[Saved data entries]
▼

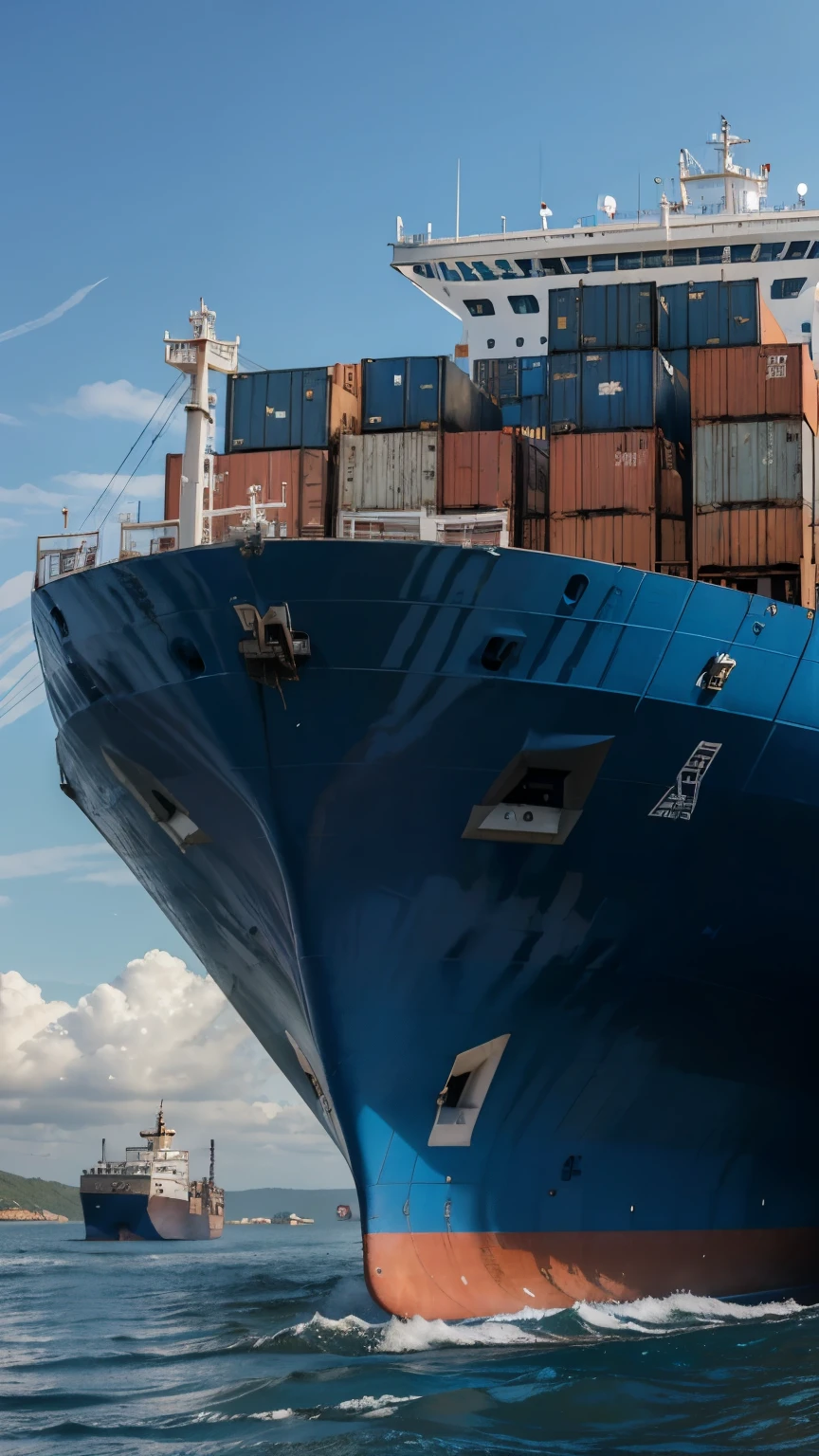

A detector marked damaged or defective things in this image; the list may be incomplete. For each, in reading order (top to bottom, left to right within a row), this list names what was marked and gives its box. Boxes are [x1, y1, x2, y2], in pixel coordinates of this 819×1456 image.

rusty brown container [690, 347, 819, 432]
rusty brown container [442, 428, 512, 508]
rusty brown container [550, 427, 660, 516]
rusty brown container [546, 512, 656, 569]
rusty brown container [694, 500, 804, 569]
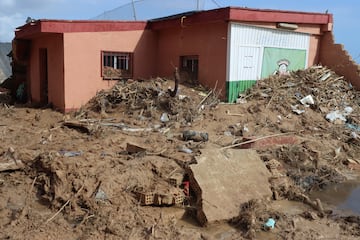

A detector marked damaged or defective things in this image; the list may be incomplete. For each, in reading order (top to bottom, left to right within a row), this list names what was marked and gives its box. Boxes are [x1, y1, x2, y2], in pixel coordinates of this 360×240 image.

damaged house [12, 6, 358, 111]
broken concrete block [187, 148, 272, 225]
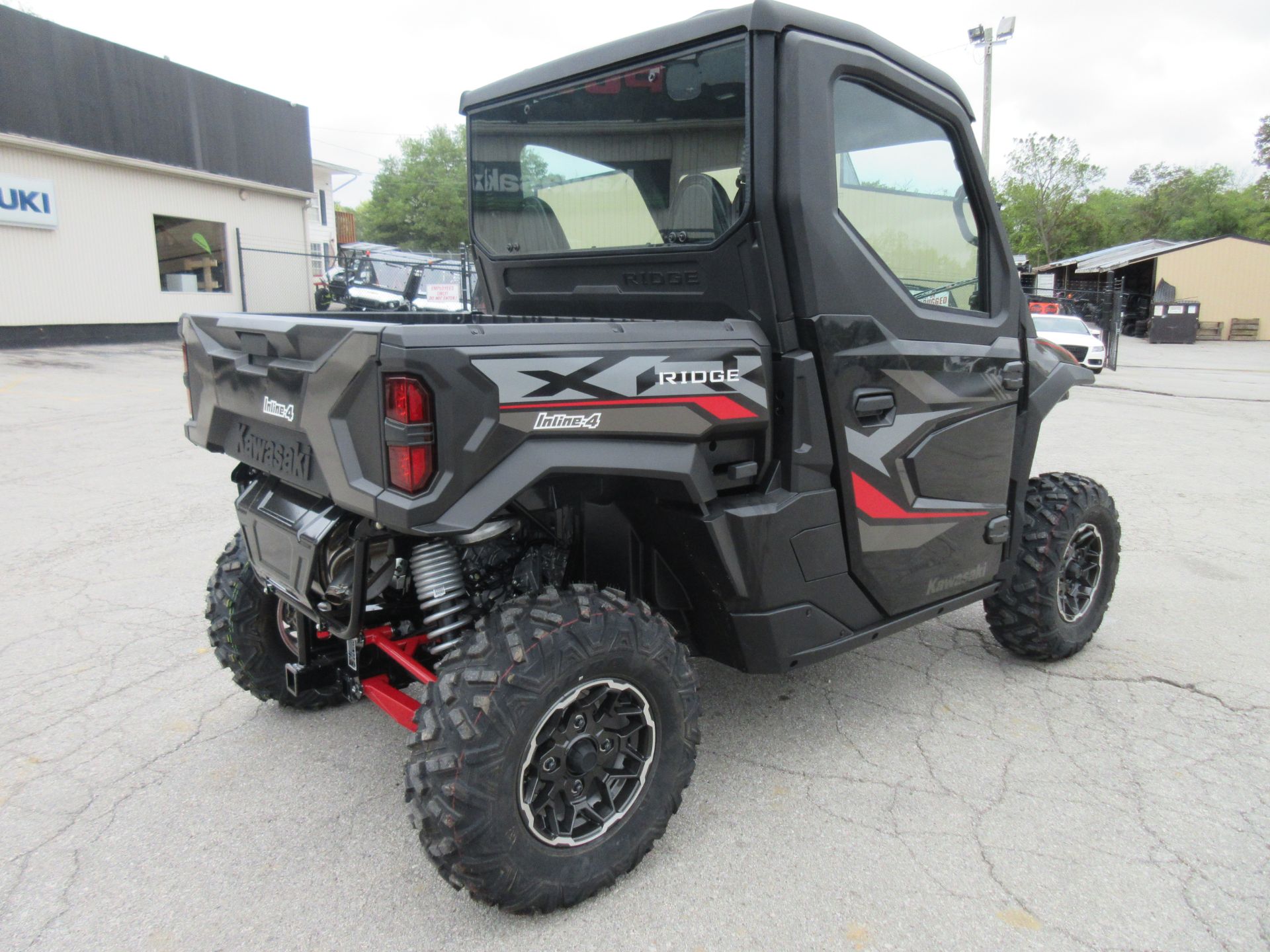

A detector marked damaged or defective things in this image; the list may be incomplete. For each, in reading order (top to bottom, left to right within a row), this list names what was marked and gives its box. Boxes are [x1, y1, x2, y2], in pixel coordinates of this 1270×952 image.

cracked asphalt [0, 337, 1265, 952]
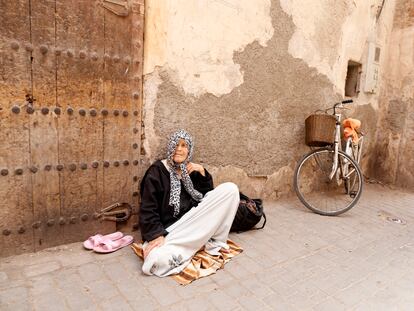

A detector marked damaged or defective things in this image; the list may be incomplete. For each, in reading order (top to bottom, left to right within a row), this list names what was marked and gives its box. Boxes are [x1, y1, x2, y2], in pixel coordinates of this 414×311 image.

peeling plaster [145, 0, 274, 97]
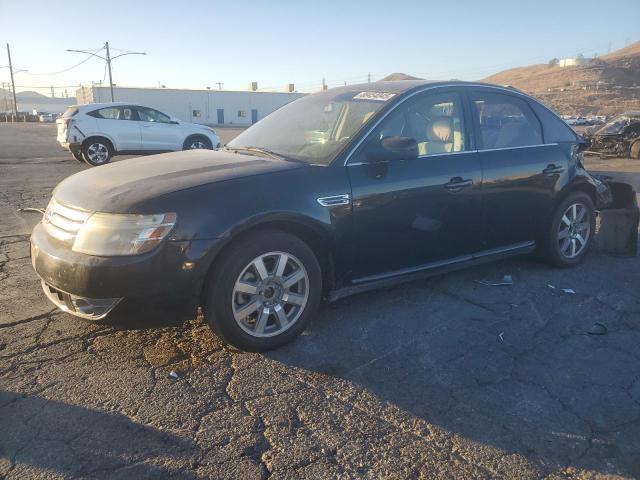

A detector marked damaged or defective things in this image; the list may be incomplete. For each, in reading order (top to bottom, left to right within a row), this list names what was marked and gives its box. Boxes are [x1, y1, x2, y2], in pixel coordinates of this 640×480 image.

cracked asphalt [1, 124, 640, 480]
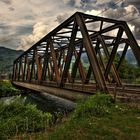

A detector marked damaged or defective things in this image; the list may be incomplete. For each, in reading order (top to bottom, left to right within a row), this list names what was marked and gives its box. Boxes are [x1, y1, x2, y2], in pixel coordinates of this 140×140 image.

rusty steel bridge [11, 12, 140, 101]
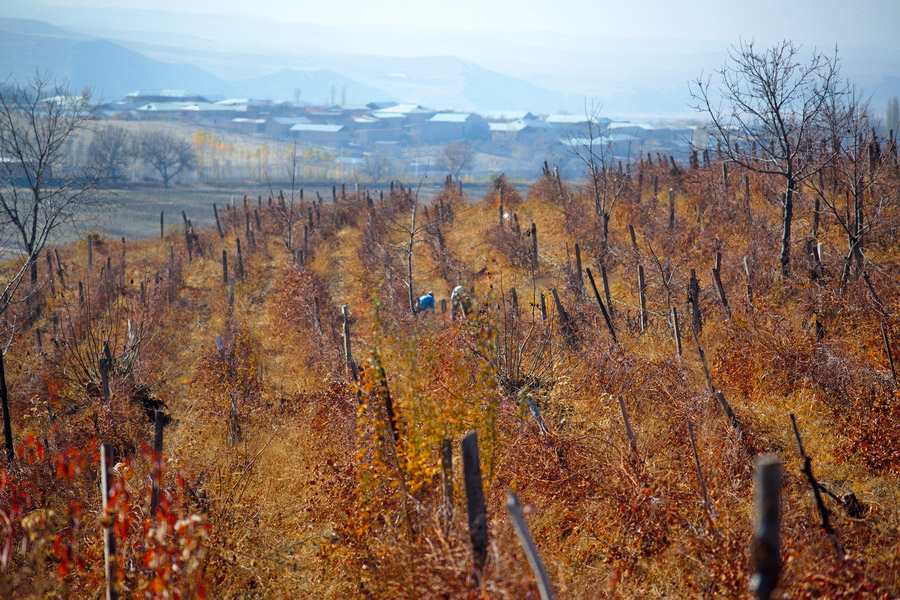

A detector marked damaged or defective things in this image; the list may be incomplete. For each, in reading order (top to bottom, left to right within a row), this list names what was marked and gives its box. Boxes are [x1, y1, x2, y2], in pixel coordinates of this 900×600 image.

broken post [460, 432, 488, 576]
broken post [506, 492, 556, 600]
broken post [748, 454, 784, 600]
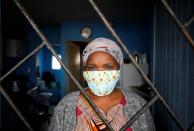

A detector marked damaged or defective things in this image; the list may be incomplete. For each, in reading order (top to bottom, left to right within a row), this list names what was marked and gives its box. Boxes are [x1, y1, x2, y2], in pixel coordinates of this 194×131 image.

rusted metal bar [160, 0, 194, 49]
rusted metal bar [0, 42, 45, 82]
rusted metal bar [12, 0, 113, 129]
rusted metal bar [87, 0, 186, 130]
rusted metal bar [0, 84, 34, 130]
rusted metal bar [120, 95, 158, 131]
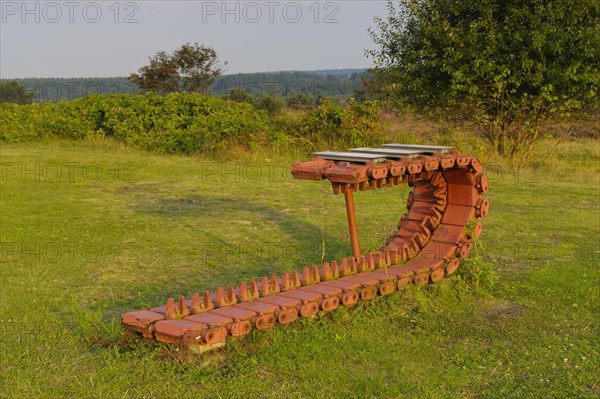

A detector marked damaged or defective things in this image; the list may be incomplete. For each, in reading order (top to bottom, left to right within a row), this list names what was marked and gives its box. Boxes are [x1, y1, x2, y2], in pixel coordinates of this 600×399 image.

▲

## What you are asked to do
No pictures should appear in the copy. Reproduce exactly the lines from the line containing "this 140×140 image." through the last line of the data, inclusive.

## Response area
A detector marked damaged or defective things in this image; the list may be incomplete. For each, in reading order (top to bottom, left to right within a row), this list names what was marked and gives its box. Boxes are [x1, y1, x2, y2], in pixel coordinates of this 140×140 image.

rusty steel bridge [11, 12, 140, 101]

A detector marked damaged or defective things in this image; the list may be incomplete. For each, in reading order (top to bottom, left to right within a row), this list names what was marked and gives its box. Boxes are [x1, y1, x2, y2], in pixel coordinates of this 900×600 image.

broken post [460, 432, 488, 576]
broken post [506, 492, 556, 600]
broken post [748, 454, 784, 600]

A detector marked damaged or defective things in this image; the list may be incomplete. For each, in reading order (top to bottom, left to right within a row), this list names what was marked and gives its box. Boxes are [x1, y1, x2, y2], in pixel coordinates of this 194×131 image.

rusted metal bar [160, 0, 194, 49]
rusted metal bar [0, 42, 45, 82]
rusted metal bar [12, 0, 113, 129]
rusted metal bar [87, 0, 186, 130]
rusted metal bar [0, 84, 34, 130]
rusted metal bar [120, 95, 158, 131]

A detector marked damaged or defective things in this image; the list may be incomplete. For each, in reading order (top to bottom, left to right within a row), this list names what was marked and gives its box. Boxes are [x1, y1, x2, y2], in pixel coordinates of this 600×399 image.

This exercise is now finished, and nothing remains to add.